De tempos em tempos, lemos alguma notícia na imprensa sobre uma família vendendo seu negócio. A venda do The Wall Street Journal pela família Bancroft para Rupert Murdoch e sua família criou uma grande comoção, como costuma ocorrer com as batalhas entre gigantes. Outras histórias causam espanto e geram debates sobre a sabedoria da família em sua decisão de vender o negócio. Isso aconteceu em 2011, quando a maior fabricante e distribuidora de óculos do mundo, Luxottica, uma empresa familiar italiana, adquiriu o Grupo Tecnol, empresa familiar da Carinelli, uma empresa verticalmente integrada e líder no Brasil. Este também foi o ano em que a brasileira Marcopolo, uma das maiores fabricantes mundiais de ônibus, adquiriu a fabricante austríaca de ônibus Volgren, de propriedade da família Grenda e por ela administrada.

Após a venda, vêm os parabéns da família, colegas, amigos e alguns espectadores do setor. Mas as pessoas também podem ficar decepcionadas com a venda (“é uma pena que a tradição da família tenha se perdido”) e suspeitar que a família “perdeu” seus negócios devido à má gestão ou “se vendeu” porque ficou gananciosa ou não foi leal aos objetivos virtuosos do fundador. Sim, estas coisas podem acontecer e, quando ocorrem, também nos sentimos decepcionados. Mas também podemos comemorar a venda de uma empresa familiar. Em certas condições, vender a empresa familiar pode ser a coisa mais inteligente a se fazer para ter sucesso como uma família empreendedora. E pode ser a melhor coisa que você pode fazer pela empresa.

Nós nos guiamos pelo seguinte princípio: uma família deve usar seus ativos para que sejam produtivos e gerem valor e satisfação à sociedade e à família.

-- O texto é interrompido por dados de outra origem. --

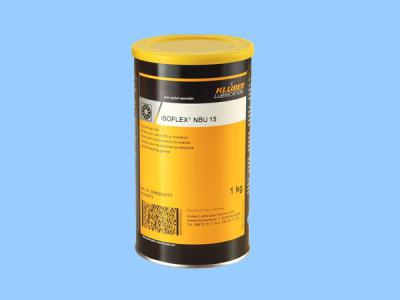 克鲁勃NBU15 1KG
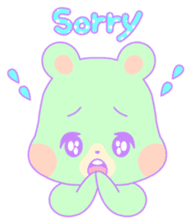 Juicy Friends sticker #135745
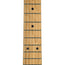 Reverend Charger 290 Roasted Maple Fingerboard, Deep Sea Blue
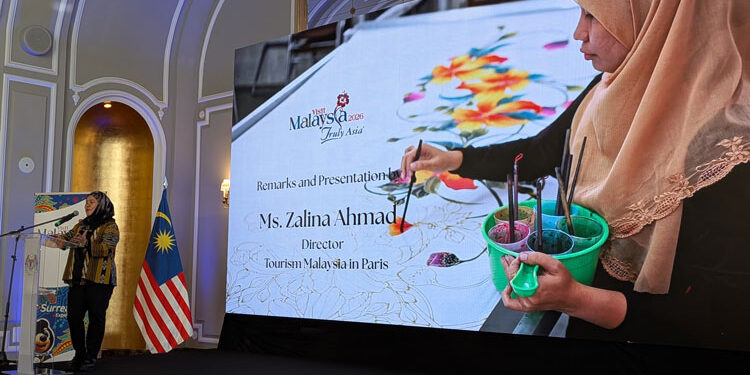 Malasia lanza en Madrid la campaña turística ‘Visit Malaysia 2026’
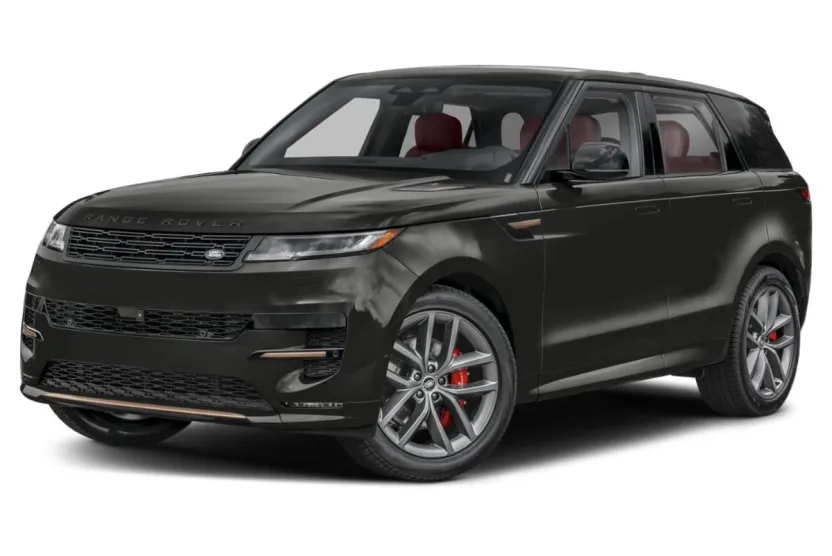 2024 Land Rover Range Rover Sport photo 1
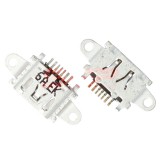 Conector alimentare OPPO R5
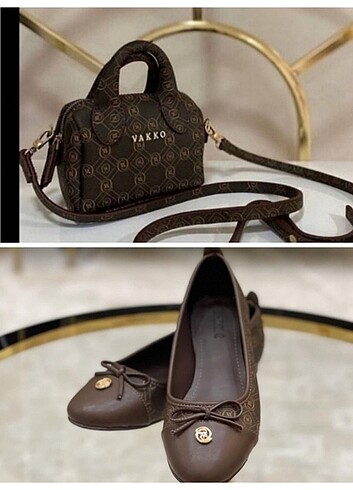 Mini speedy ve fiyonklu babet 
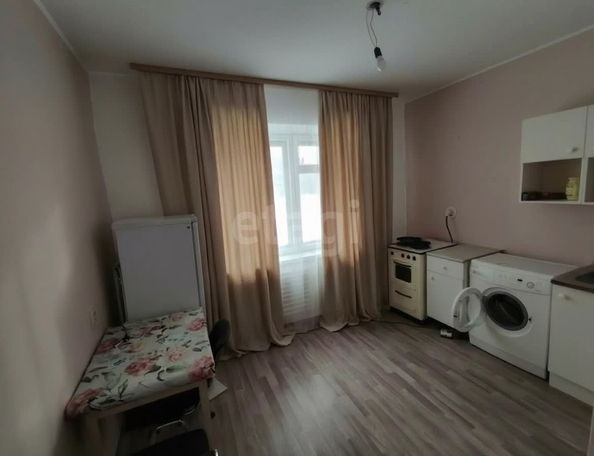 
  Продается 1-комн. квартира 36 м². Фото 3.
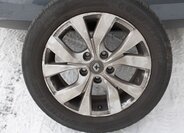 Renault Mégane Kombi 1,3 l 103 kw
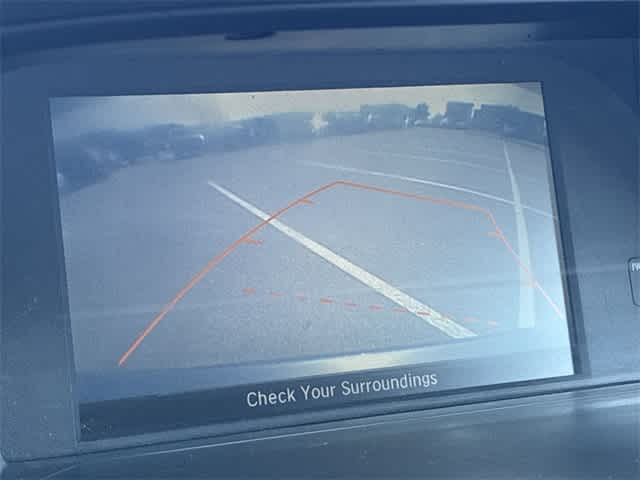 Thumbnail: 2015 Honda Accord - 29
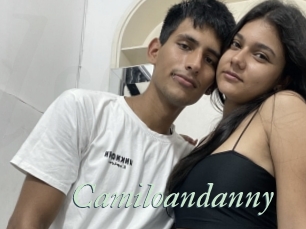 Camiloandanny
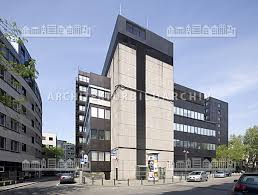 Bank mainz adresse telefonnummer ⌚ öffnungszeiten. Burogebaude Rheinland Pfalz Bank Mainz Architektur Bildarchiv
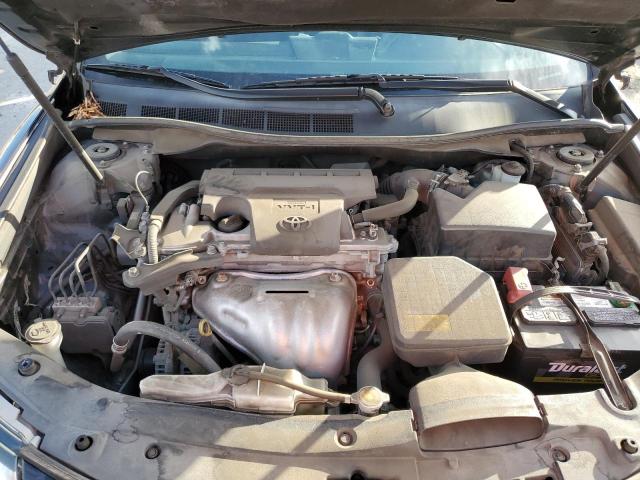 Photo 11 from auction – 2013 TOYOTA CAMRY L with VIN 4T1BF1FK5DU648837
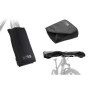 Kit de Protection VTT - Accessoires pour Fourche, Cadre et Guidon Droit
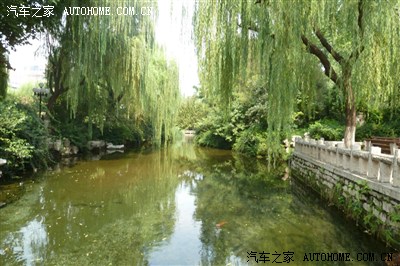 石家庄到日照济南自驾游_瑞虎论坛_手机汽车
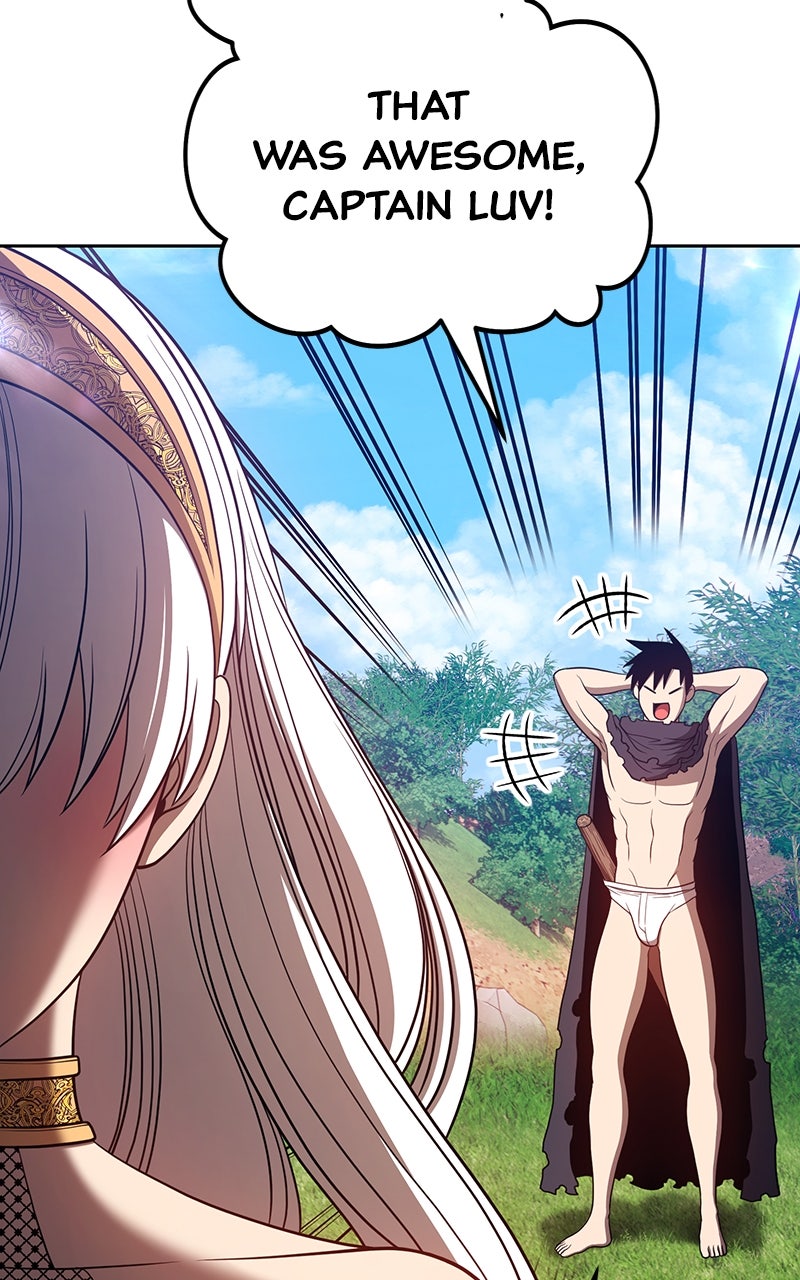 Read +99 Reinforced Wooden Stick ENGLISH Manga Online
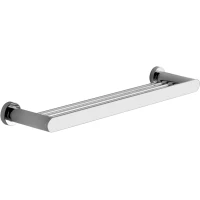 Полка для полотенец 49,1 см Gessi Emporio 38947#031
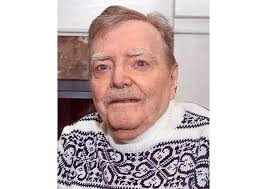 Arthur PENNELL Obituary (2012)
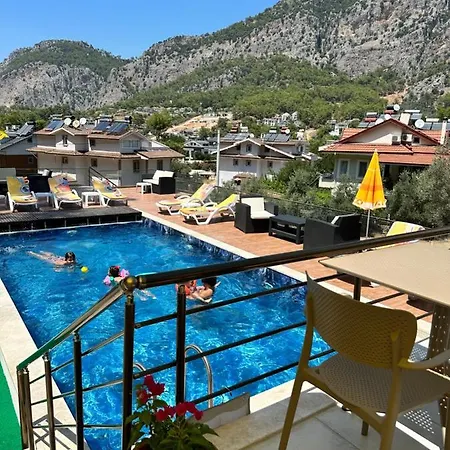 Defnil Double Deluxe Gocek (Fethiye)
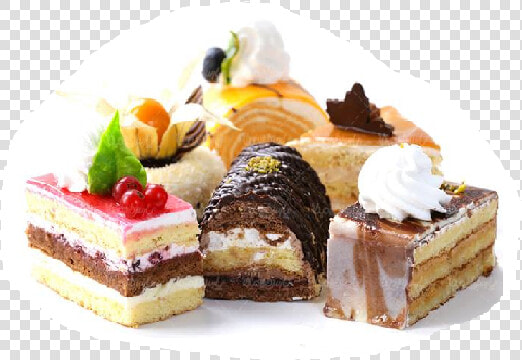 Cakes Pastries  HD Png DownloadTransparent PNG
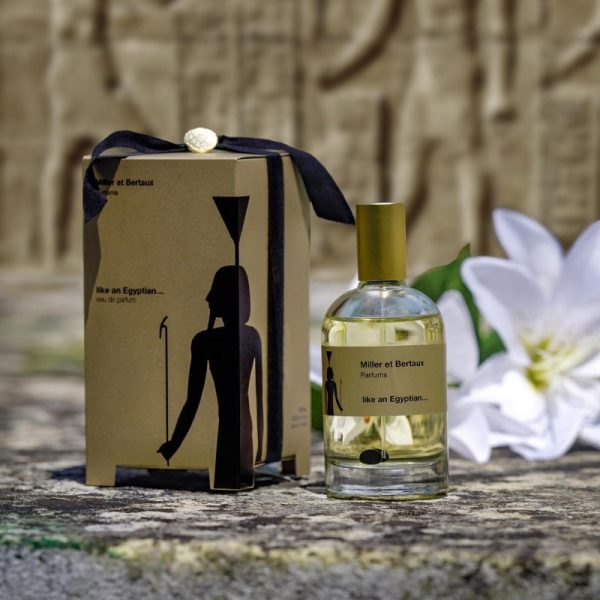 Like An Egyptian Eau de Parfum Online Hot Sale - Image 2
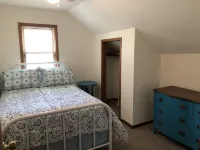 Beach and Golf House Hotels in Sheboygan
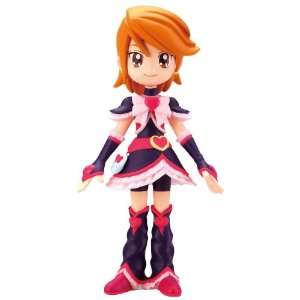  Pre Cure All Stars 01 Cure Doll Cure Black Toys & Games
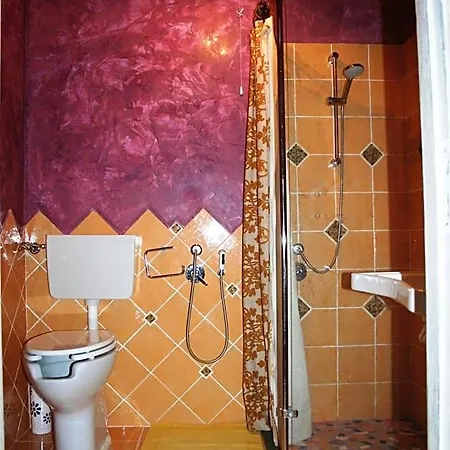Sa Domu De Sa Contissa Bed & Breakfast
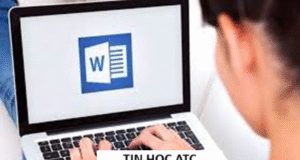 Hoc tin hoc thuc hanh tai thanh hoa Bảng trong word của bạn không di chuyển được? Bạn muốn biết cách khắc phục mời bạn tham khảo cách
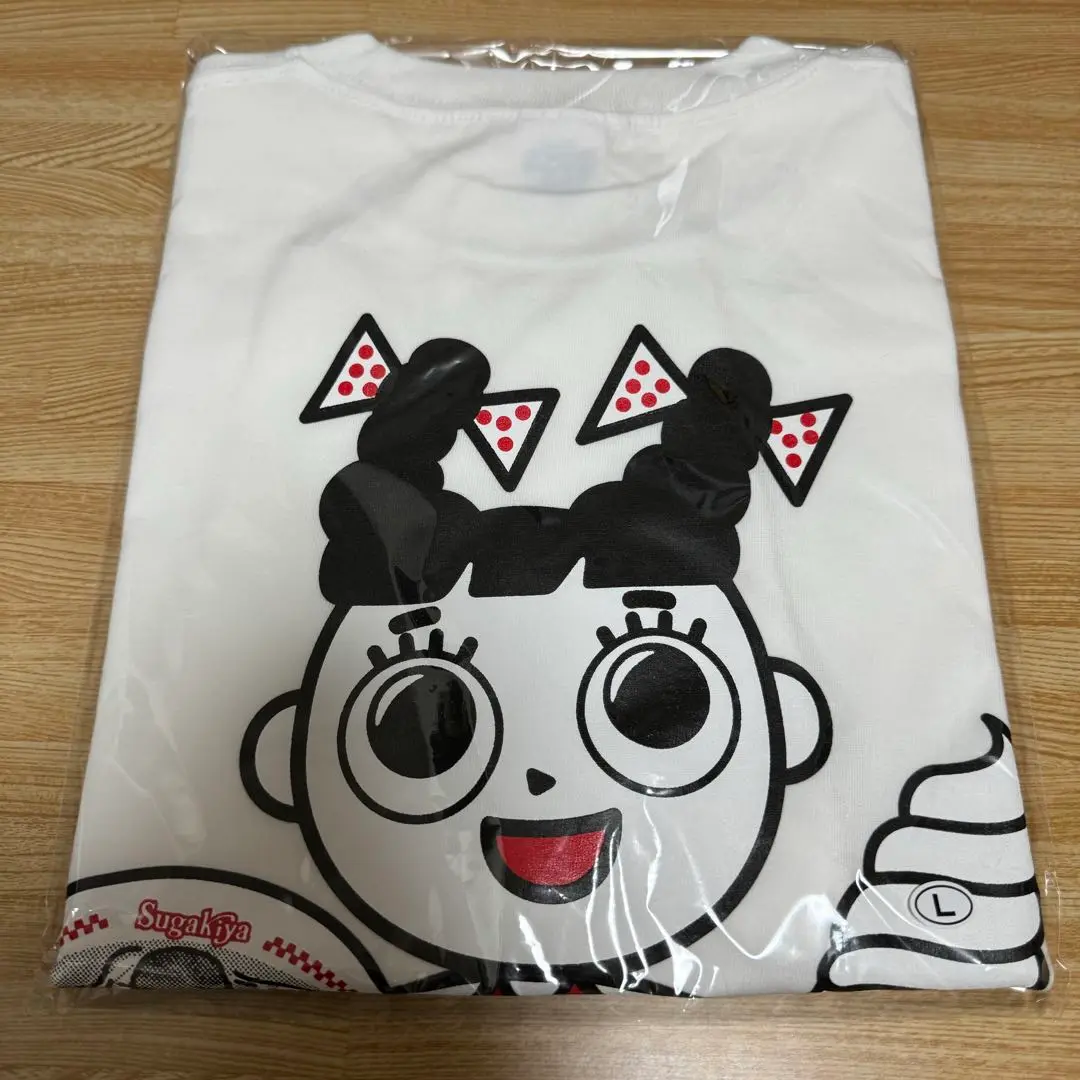 ヨンフェス Tシャツ スガキヤ　赤　XL ヨンフェス(スガキヤTシャツ) - メルカリ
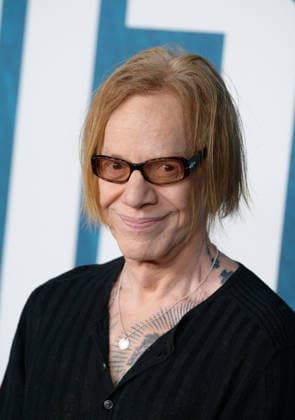 Dracula Premiere - Los Angeles, USA LOS ANGELES, USA. February 03, 2026: Danny Elfman at the premiere for Dracula at the TCL Chinese Theatre. Los Angeles CA USA  Copyright: xPaulxSmith Featureflashx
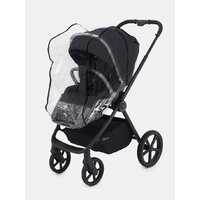 Универсальная коляска Rant Teo 2в1 RA120 (черный) - Превью изображения №24 — Интернет-магазин Time-Shop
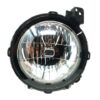 FAROL DEL LH JEEP WRANGLER 18-21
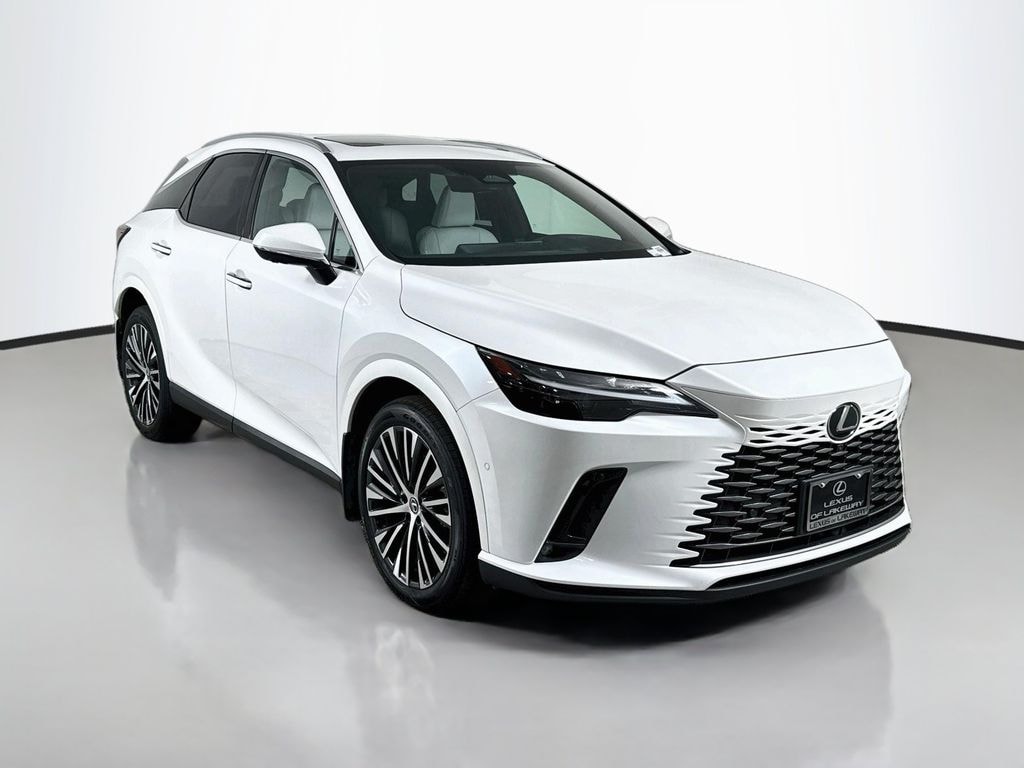 Certified 2024 Lexus RX 350 Premium Plus SUV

Se uma família não pode ser proprietária e administrar seu negócio de forma a torná-lo produtivo, valioso e satisfatório, ela deve considerar vendê-lo para outras pessoas que poderiam desenvolver um trabalho melhor com ele e permitir que a família direcione o foco para outras atividades. Sempre que os proprietários familiares vendem um determinado negócio a compradores que podem extrair mais dele, principalmente quando a venda libera a família para outras atividades produtivas e satisfatórias que melhor atendam aos seus interesses e talentos, nós comemoramos.

Acreditamos que muitas famílias que façam seus negócios crescer até um tamanho vendável devem considerar vendê-los no momento certo – por dois motivos muito bons.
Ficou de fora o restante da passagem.